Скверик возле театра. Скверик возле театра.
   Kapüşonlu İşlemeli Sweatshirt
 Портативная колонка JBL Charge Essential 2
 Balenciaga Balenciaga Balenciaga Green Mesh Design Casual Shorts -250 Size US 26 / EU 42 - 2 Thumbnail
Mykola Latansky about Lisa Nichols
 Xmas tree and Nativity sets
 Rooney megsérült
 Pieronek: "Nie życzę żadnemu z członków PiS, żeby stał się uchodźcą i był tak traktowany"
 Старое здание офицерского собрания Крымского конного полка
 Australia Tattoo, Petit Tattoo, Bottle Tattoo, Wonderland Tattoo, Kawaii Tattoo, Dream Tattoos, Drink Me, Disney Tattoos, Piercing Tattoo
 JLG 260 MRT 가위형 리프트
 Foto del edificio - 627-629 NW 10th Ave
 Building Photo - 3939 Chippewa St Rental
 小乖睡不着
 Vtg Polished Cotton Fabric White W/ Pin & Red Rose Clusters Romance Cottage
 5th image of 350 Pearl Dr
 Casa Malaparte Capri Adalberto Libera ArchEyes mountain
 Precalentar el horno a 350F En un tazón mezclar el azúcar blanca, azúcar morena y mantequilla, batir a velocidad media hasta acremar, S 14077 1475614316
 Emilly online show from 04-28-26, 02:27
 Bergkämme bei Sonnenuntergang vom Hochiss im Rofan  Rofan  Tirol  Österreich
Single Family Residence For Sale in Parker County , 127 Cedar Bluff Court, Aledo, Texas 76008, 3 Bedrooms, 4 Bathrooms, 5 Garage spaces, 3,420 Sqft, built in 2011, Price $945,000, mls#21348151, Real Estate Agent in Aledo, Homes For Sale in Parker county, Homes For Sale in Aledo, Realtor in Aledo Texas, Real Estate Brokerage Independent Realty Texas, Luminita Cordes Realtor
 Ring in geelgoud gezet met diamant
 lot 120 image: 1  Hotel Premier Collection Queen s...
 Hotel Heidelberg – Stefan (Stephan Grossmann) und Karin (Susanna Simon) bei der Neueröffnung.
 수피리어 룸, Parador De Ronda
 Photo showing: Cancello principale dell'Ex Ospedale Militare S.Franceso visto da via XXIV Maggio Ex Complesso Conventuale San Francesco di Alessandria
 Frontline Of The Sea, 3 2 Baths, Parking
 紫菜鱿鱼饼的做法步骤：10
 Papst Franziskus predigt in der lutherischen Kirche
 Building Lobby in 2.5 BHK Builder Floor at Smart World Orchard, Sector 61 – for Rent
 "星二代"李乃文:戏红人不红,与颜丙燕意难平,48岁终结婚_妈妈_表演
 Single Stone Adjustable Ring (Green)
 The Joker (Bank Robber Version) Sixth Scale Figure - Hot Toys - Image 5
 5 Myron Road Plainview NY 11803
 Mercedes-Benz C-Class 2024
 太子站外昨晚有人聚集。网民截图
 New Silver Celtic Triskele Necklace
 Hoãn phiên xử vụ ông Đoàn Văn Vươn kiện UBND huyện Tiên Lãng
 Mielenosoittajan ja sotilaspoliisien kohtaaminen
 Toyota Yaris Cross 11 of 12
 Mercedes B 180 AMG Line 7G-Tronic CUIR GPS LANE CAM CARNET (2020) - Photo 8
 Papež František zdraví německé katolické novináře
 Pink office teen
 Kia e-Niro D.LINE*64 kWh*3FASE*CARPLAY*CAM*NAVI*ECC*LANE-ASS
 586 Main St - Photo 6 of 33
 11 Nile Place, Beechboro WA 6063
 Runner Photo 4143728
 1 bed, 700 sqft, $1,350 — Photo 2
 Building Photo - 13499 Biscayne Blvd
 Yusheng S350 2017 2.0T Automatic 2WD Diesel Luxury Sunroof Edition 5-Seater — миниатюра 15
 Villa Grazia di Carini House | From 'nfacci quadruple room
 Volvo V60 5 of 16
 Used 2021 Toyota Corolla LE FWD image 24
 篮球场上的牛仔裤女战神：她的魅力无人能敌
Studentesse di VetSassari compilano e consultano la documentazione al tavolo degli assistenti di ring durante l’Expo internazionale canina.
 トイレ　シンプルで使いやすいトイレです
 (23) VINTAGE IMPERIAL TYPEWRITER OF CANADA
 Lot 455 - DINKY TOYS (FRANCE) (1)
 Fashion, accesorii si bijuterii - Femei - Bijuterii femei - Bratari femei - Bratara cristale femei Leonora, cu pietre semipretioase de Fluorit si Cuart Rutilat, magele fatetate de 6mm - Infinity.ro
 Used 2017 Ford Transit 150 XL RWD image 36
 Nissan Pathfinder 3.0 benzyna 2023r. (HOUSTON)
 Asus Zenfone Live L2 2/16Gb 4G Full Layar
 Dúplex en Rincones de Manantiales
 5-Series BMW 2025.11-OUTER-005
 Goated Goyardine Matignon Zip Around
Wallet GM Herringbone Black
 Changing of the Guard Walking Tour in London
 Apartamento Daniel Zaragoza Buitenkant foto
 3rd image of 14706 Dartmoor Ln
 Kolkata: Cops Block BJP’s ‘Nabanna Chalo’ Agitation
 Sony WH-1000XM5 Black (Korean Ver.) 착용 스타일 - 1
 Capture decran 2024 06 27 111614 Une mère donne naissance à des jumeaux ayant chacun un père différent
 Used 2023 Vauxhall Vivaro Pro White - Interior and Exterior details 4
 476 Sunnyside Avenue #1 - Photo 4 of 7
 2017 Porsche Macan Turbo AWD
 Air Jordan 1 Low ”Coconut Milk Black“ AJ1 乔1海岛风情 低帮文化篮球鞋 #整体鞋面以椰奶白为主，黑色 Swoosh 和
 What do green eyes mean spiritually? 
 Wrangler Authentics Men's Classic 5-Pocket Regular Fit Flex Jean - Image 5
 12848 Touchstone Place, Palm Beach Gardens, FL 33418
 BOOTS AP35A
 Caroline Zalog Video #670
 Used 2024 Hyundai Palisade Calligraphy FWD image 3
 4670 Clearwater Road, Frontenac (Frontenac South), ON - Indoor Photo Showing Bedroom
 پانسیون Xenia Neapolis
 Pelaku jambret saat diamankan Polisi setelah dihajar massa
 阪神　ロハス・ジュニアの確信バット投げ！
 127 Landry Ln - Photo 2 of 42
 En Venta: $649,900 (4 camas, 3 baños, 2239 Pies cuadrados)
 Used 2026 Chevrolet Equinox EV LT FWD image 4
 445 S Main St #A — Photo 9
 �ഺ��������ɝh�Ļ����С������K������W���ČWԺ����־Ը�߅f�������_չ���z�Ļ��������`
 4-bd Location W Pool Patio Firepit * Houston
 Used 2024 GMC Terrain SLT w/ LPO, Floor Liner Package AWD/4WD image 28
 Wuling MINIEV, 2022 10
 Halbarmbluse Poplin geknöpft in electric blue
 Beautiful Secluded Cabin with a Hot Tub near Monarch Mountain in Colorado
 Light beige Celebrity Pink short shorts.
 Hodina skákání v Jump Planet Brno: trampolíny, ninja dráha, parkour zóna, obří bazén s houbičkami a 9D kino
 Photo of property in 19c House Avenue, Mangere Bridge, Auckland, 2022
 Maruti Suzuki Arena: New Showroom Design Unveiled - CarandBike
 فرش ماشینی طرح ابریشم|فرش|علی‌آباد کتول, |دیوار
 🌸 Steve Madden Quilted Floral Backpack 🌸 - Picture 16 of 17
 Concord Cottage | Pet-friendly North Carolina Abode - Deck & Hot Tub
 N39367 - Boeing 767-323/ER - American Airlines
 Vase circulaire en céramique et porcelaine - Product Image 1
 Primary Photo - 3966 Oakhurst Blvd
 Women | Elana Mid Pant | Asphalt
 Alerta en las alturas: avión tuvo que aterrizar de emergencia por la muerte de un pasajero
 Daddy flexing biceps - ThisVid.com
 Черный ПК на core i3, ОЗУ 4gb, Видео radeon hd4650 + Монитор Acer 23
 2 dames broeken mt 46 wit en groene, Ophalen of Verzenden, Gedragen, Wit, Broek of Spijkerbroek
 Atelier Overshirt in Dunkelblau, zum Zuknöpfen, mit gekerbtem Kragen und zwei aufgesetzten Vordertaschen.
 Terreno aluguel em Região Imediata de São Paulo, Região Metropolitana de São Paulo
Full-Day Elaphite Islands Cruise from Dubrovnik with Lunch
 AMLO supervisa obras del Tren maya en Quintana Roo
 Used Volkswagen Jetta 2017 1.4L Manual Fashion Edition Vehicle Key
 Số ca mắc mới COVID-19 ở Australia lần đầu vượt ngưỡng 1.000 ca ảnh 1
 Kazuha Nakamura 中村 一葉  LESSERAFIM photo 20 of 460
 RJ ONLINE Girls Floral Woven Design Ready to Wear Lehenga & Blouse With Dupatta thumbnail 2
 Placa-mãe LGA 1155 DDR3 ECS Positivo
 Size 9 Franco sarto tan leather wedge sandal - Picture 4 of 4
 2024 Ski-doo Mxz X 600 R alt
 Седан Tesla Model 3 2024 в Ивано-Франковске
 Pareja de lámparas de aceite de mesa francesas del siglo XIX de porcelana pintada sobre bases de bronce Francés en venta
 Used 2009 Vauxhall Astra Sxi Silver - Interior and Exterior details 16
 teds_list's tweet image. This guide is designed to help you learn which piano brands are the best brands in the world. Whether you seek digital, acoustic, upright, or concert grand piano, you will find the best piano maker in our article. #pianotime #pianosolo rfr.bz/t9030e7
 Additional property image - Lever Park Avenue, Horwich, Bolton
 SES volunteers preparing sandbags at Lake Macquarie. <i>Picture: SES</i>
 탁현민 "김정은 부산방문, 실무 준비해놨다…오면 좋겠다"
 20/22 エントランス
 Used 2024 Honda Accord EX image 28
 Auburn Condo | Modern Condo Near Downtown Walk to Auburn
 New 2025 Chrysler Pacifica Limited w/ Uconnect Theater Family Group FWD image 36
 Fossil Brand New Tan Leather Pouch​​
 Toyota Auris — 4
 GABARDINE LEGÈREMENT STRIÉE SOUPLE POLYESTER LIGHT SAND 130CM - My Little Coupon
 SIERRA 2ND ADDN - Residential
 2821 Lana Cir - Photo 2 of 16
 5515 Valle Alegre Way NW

*TASK TO COMPLETE*. Only the lines above starting with the one with "5-Series BMW 2025.11-OUTER-005" and going through the one with "Light beige Celebrity Pink short shorts." are to be copied, word for word and with both ends kept.

*YOUR RESPONSE*.
 5-Series BMW 2025.11-OUTER-005
 Goated Goyardine Matignon Zip Around
Wallet GM Herringbone Black
 Changing of the Guard Walking Tour in London
 Apartamento Daniel Zaragoza Buitenkant foto
 3rd image of 14706 Dartmoor Ln
 Kolkata: Cops Block BJP’s ‘Nabanna Chalo’ Agitation
 Sony WH-1000XM5 Black (Korean Ver.) 착용 스타일 - 1
 Capture decran 2024 06 27 111614 Une mère donne naissance à des jumeaux ayant chacun un père différent
 Used 2023 Vauxhall Vivaro Pro White - Interior and Exterior details 4
 476 Sunnyside Avenue #1 - Photo 4 of 7
 2017 Porsche Macan Turbo AWD
 Air Jordan 1 Low ”Coconut Milk Black“ AJ1 乔1海岛风情 低帮文化篮球鞋 #整体鞋面以椰奶白为主，黑色 Swoosh 和
 What do green eyes mean spiritually? 
 Wrangler Authentics Men's Classic 5-Pocket Regular Fit Flex Jean - Image 5
 12848 Touchstone Place, Palm Beach Gardens, FL 33418
 BOOTS AP35A
 Caroline Zalog Video #670
 Used 2024 Hyundai Palisade Calligraphy FWD image 3
 4670 Clearwater Road, Frontenac (Frontenac South), ON - Indoor Photo Showing Bedroom
 پانسیون Xenia Neapolis
 Pelaku jambret saat diamankan Polisi setelah dihajar massa
 阪神　ロハス・ジュニアの確信バット投げ！
 127 Landry Ln - Photo 2 of 42
 En Venta: $649,900 (4 camas, 3 baños, 2239 Pies cuadrados)
 Used 2026 Chevrolet Equinox EV LT FWD image 4
 445 S Main St #A — Photo 9
 �ഺ��������ɝh�Ļ����С������K������W���ČWԺ����־Ը�߅f�������_չ���z�Ļ��������`
 4-bd Location W Pool Patio Firepit * Houston
 Used 2024 GMC Terrain SLT w/ LPO, Floor Liner Package AWD/4WD image 28
 Wuling MINIEV, 2022 10
 Halbarmbluse Poplin geknöpft in electric blue
 Beautiful Secluded Cabin with a Hot Tub near Monarch Mountain in Colorado
 Light beige Celebrity Pink short shorts.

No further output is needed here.